A coral reef at Turneffe atoll in Belize.
Coral reefs are plagued by a long list of problems that can injure the fragile ocean ecosystems: Ocean acidification due to global warming, plankton blooms, emerging diseases, pollution and overfishing. Researchers have now added one more to that list: earthquakes.
Just as earthquakes can cause devastation on the ground, they can also be catastrophic underwater, a new study has found.
In May 2009, a 7.3 magnitude earthquake hit the western Caribbean, causing avalanches in half of the lagoonal reefs in Belize studied by Richard Aronson, head of the department of biological sciences at the Florida Institute of Technology. It was, however, not the first event to wipe out large portions of the reef.
Aronson and his team have been studying the same 144-square-mile (373 square kilometers) area for more than 20 years and their data provide insight on how to better manage the world's reefs to protect them from disasters, both natural and manmade.
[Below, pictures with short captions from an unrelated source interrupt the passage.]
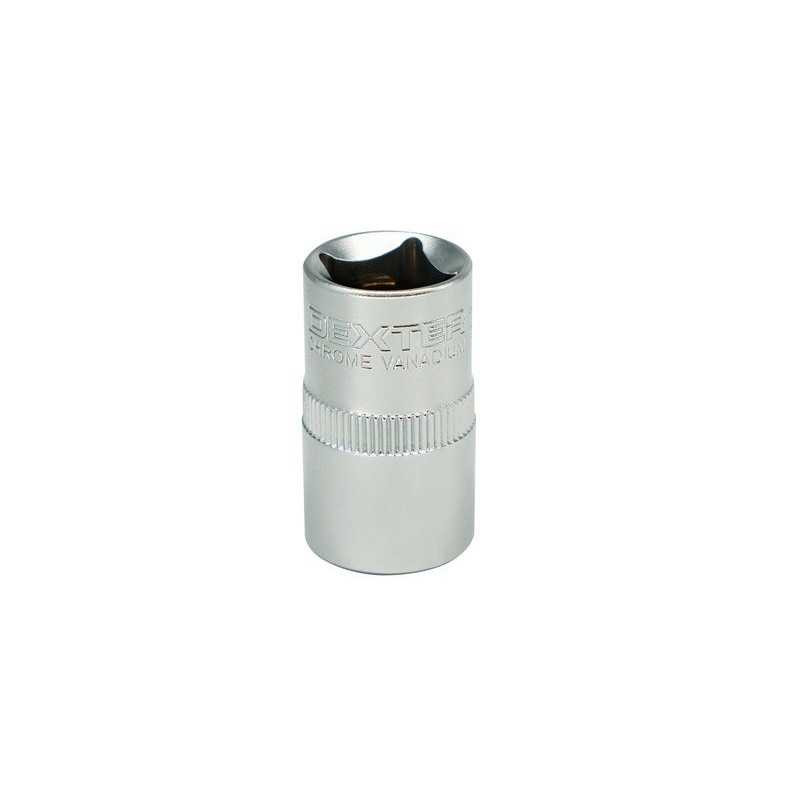  Douille 6 pans 1-2 en chrome vanadium diamètre  15 mm Dexter  - Sanifer Tamatave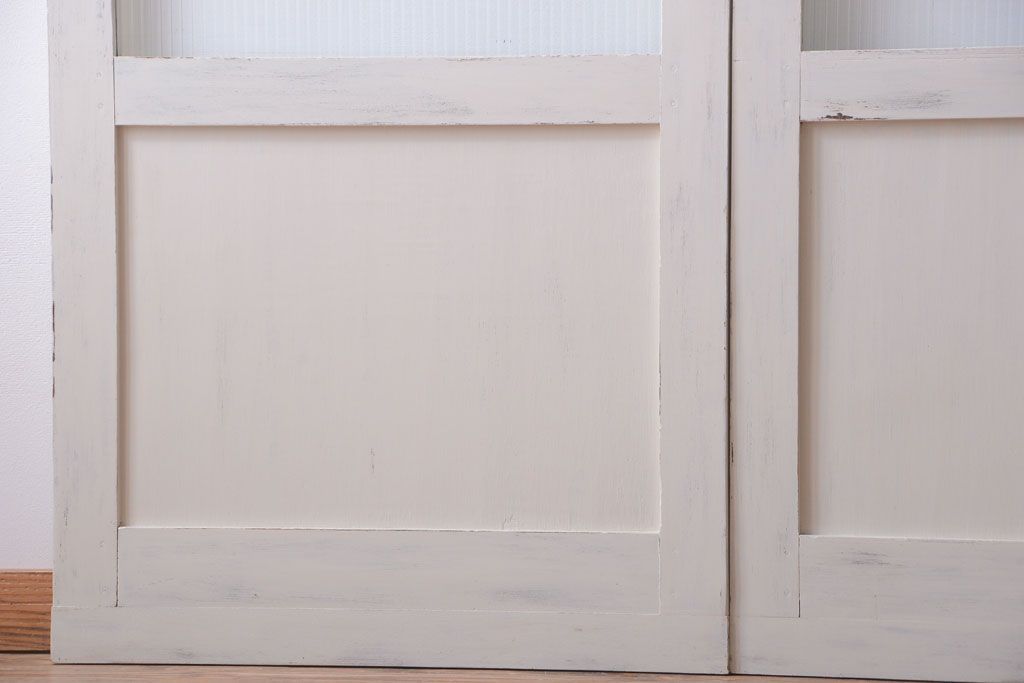 アンティークペイント　モールガラス戸4枚セット(2)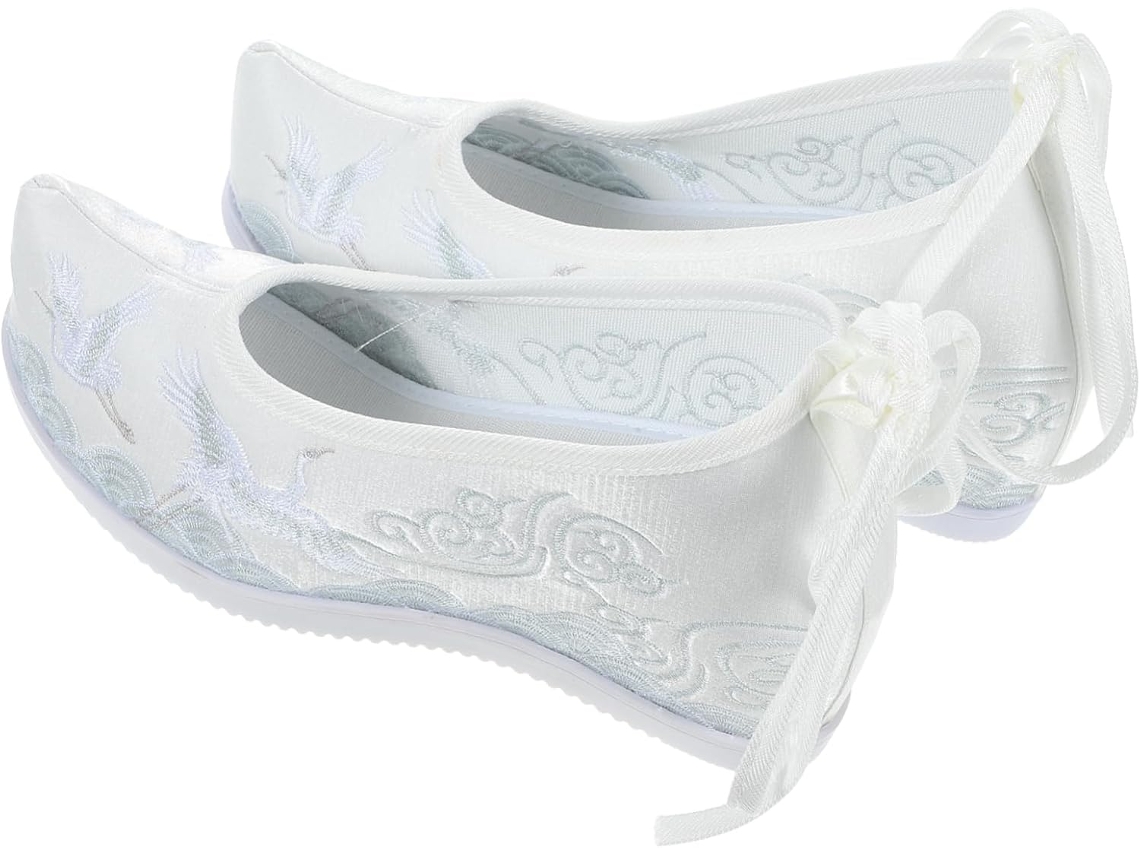 Zapatos De Tela Bordada, Zapatos De Vestir De Estilo Chino, Zapatos Bordados Chinos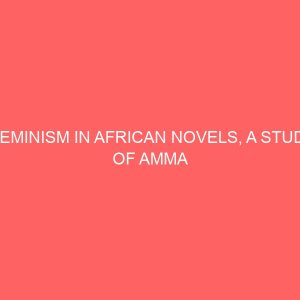 feminism in african novels a study of amma sarkos beyond the horizon and faceless 46426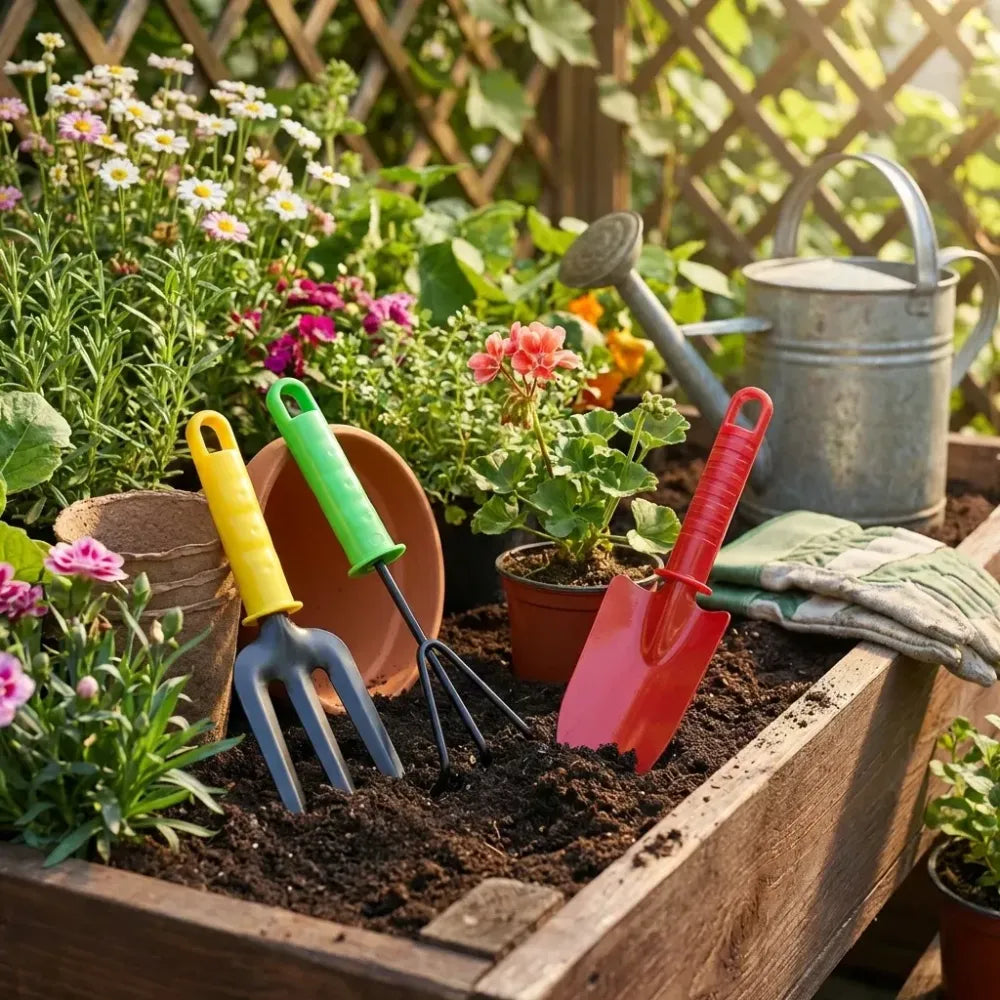 3-piece garden tool set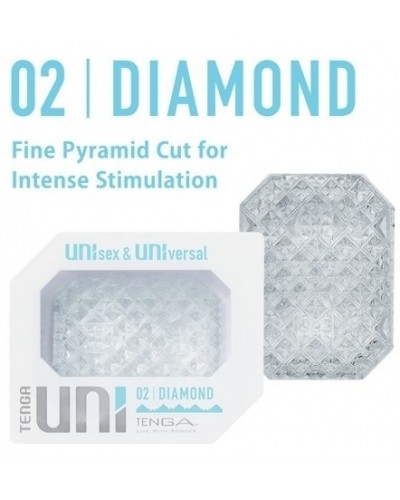 Gaine de masturbation Uni 02 Diamond disponible sur Pop and Fun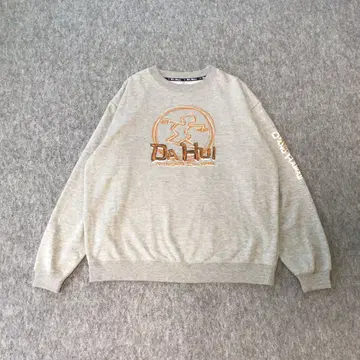 90s Da Hui 다피 빈티지 서프 맨투맨 면 LL 빅 로고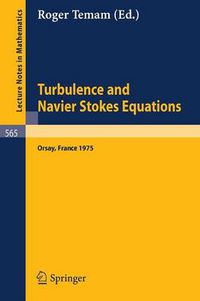 Cover image for Turbulence and Navier Stokes Equations: Proceedings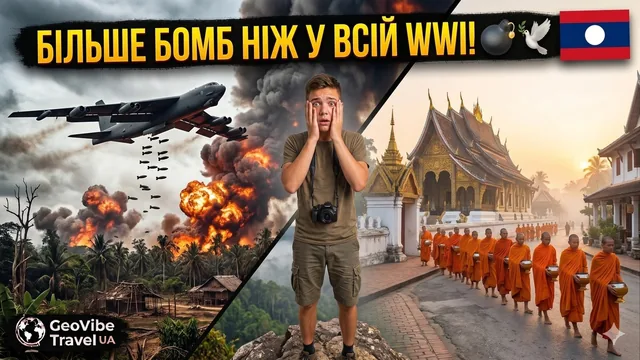 Лаос — на цю країну скинули більше бомб ніж на всю Європу у Другій світовій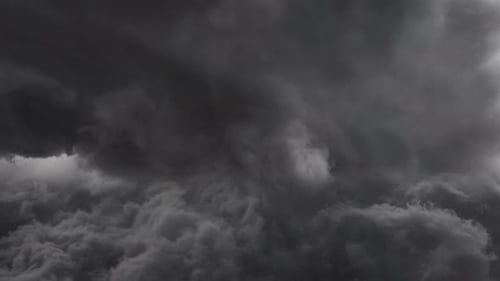 Ominous Storm Clouds Time Lapse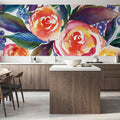 Rose Trio Mural Wallpaper - room preview 05
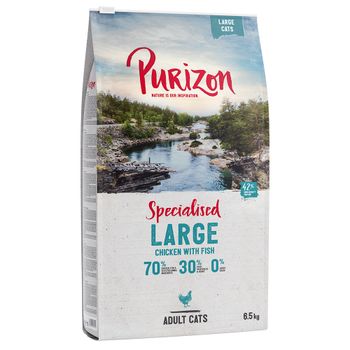 Purizon Large Adult Grain-Free Chicken & Fish  - 6.5kg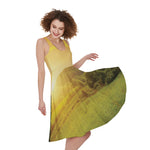 Sunrise Field Print Women's Sleeveless Dress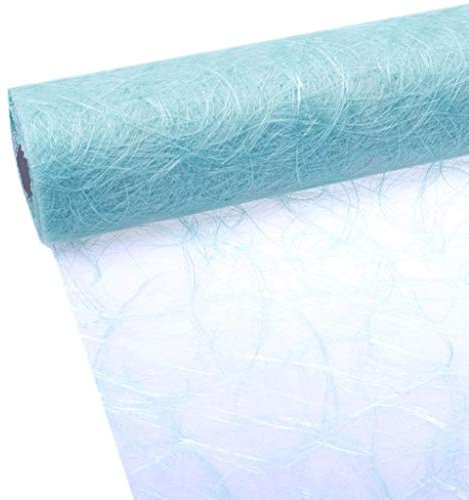 Deko AS GmbH Sizoweb Tischband eisblau 30 cm Rolle 25 Meter - 64-300-25-043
"You can't say, we can develop this coastline and leave this one area as an example of coral reef or intertidal habitat," Aronson told OurAmazingPlanet. "Because if something bad happens, then you have nothing."
Series of unfortunate events
The coral reefs along the shelf lagoon in Belize are estimated to be about 8,000 to 9,000 years old, based on Aronson's work. For at least half of that time, staghorn coral dominated the mixture of coral species, until 1986, when white-band disease ripped through seas and oceans, killing many reefs. With 99 percent of the staghorn coral gone, lettuce coral came in throughout the next decade.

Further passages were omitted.